QUALIFYING UNDER INTERNAL REVENUE CODE SECTION 6166: POST-DEATH ESTATE TAX DEFERRAL THROUGH CAREFUL INTER VIVOS PLANNING
By Alyse Pelavin, Esq.*
Internal Revenue Code section 6166 provides an important estate tax deferral benefit if an interest in a closely held business exceeds 35 percent of a decedent’s adjusted gross estate.1 If an estate qualifies for Section 6166 deferral, the portion of the decedent’s estate taxes attributable to that qualifying business interest may be deferred for five years, during which time the estate pays only interest on the deferred tax. After the five-year deferral period, the deferred estate taxes are payable in equal annual installments over a ten (or fewer) year period2 at relatively low interest rates.3 For example, in the first quarter of 2008, the estate tax attributable to the first $1,280,000 of the decedent’s estate is subject to a 2 percent interest rate, and the interest rate applicable to the remaining portion is 3.15 percent (45 percent of the underpayment rate of 7 percent).4 This combined benefit of deferring estate taxes and "borrowing" at low interest rates permits qualifying estates to continue to operate profitable businesses without the need to seek third party financing, request discretionary extensions to pay estate taxes from the IRS, or undertake a forced sale of the closely held business.

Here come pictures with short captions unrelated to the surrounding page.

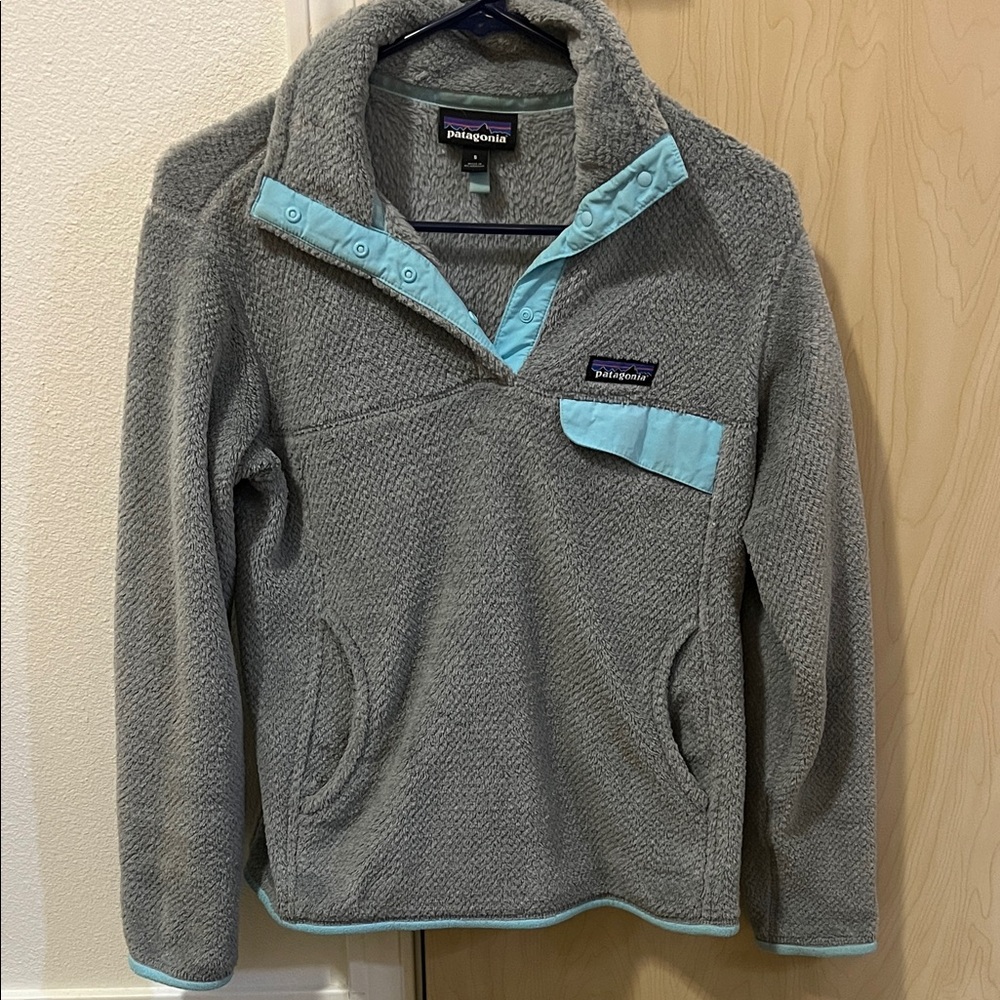 Patagonia Women’s Gray and Light Blue Fleece Pullover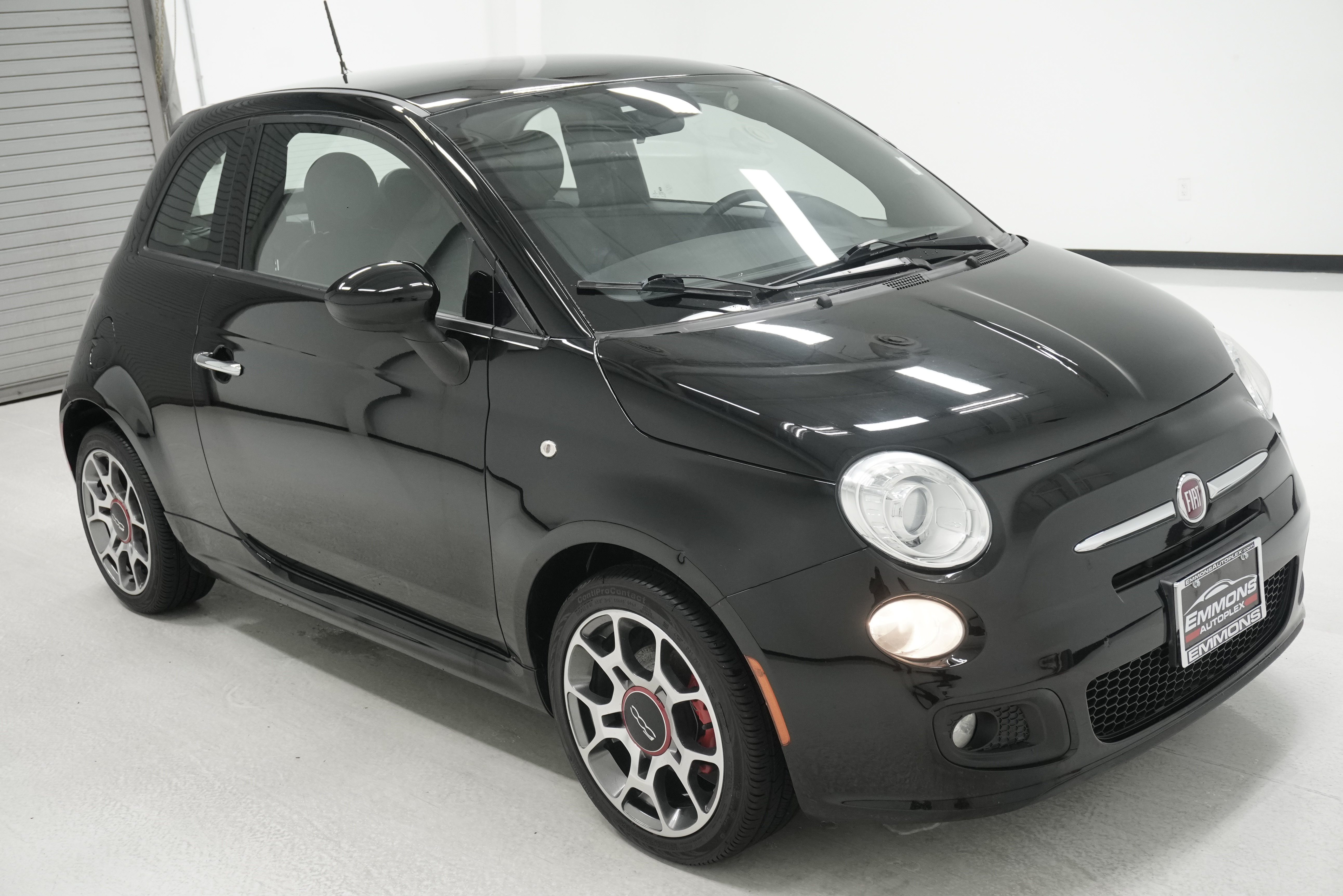 Used 2015 FIAT 500 Sport FWD image 3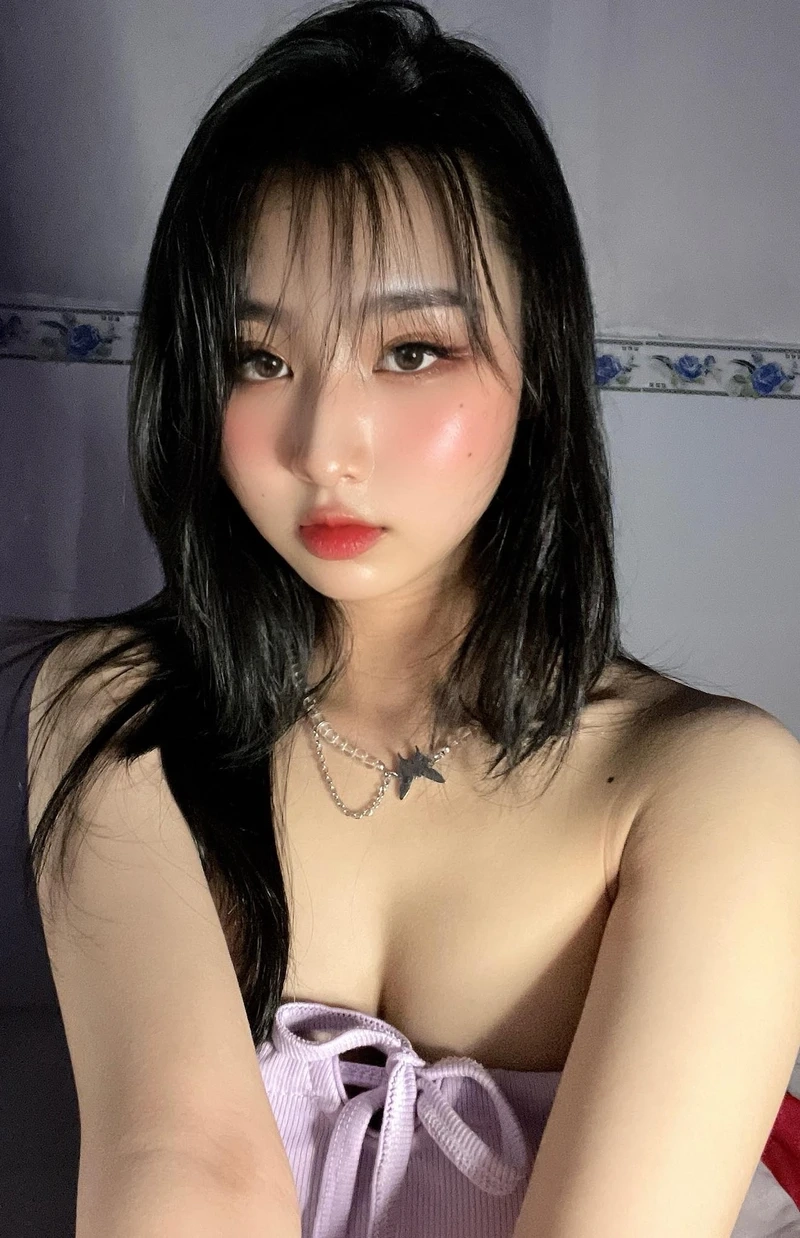 Gái xinh 2k6 Instagram luôn thu hút sự chú ý với phong cách trẻ trung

Notwithstanding these important benefits, many practitioners do not adequately consider the qualification requirements of Section 6166 during a client’s lifetime, instead focusing on these provisions only after the client’s death. Unfortunately, when administering an estate, an executor may discover roadblocks to Section 6166 qualification that could have been avoided with prospective inter vivos planning.